An effective way to reduce the gender-based competency bias when evaluating AI-assisted work is by using a “blind review” process. This approach ensures that the evaluator is unaware of which employee produced the product that is being assessed. Removing personally identifying information about gender and other potentially biasing characteristics can increase fair and consistent performance evaluations around AI use.
When a blind review process is not feasible, bias may still be reduced by directing evaluators to assess the work product, rather than evaluating the worker. In the 2025 study involving AI-assisted computer code, the evaluators accurately rated the quality of the identical code similarly, regardless of the coder’s gender. Bias against women AI users only appeared when the evaluators were asked to rate the coder’s competence and contributions.
This finding suggests the importance of training managers to assess the quality of AI-driven work product, rather than evaluating qualities of the worker who used an AI tool.

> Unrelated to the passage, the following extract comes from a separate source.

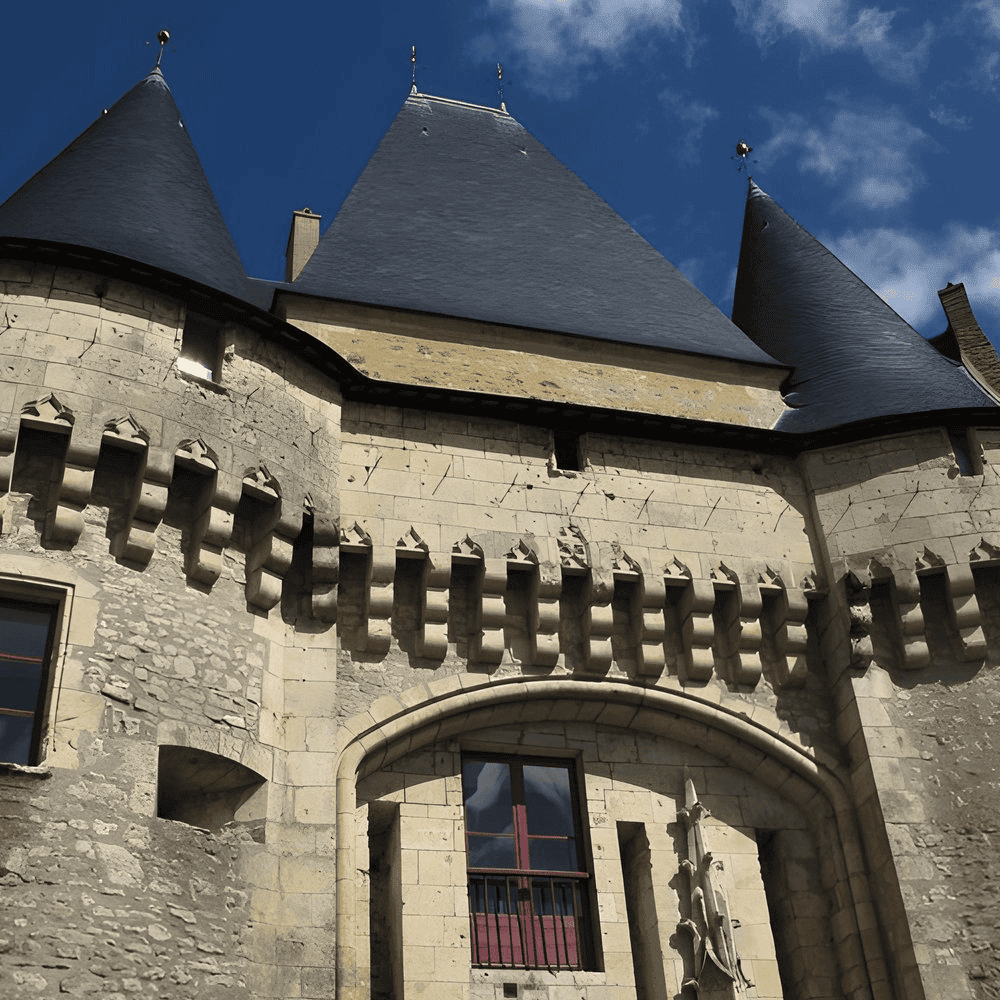 Een historisch stenen gebouw op het Franse platteland heeft puntige, donkere leien daken en decoratieve kantelen onder een blauwe lucht. Een groot boograam met rode lijsten is zichtbaar en kleine houtsnijwerken sieren de stenen gevel, wat de architectonische details benadrukt die kenmerkend zijn voor een gîte.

Gender bias is more likely when evaluators use subjective assessment criteria, such as competence, strength or trustworthiness. Employers should base hiring evaluations on specific skills necessary for actual job tasks, and they should base performance evaluations on objective measurements of productivity or the quality of an employee’s work product.
These three practices should not only help organizations reduce the competence penalty against women who use AI but also promote fairness in all contexts where stereotypes may bias workplace evaluations. Ensuring fair evaluations of employees’ AI use will also encourage greater employee adoption of AI tools.